== About this exercise ==
Could you repeat the data word for word while skipping the pictures?

== Available data ==
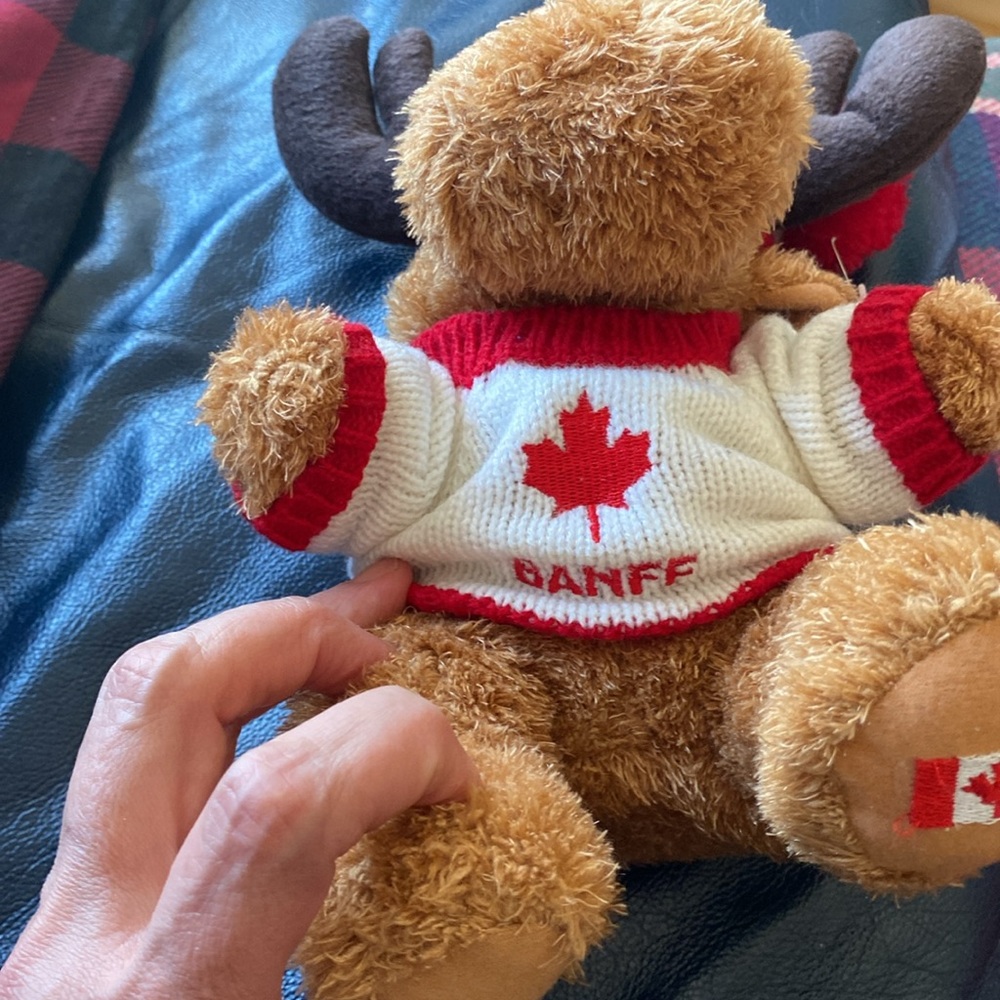 Canadian Moose Plush with Book - Picture 4 of 6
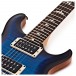 PRS CE24, Custom Colour 1 #0331980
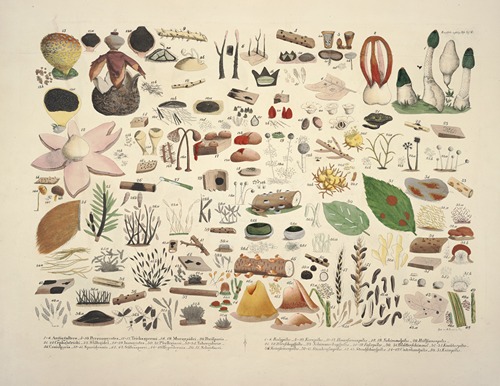 Naturgetreue Abblidungen und Beschreibungen der essbaren, schädlichen und verdächtigen Schwämme Pl.06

== Finished exercise ==
 Canadian Moose Plush with Book - Picture 4 of 6
 PRS CE24, Custom Colour 1 #0331980
 Naturgetreue Abblidungen und Beschreibungen der essbaren, schädlichen und verdächtigen Schwämme Pl.06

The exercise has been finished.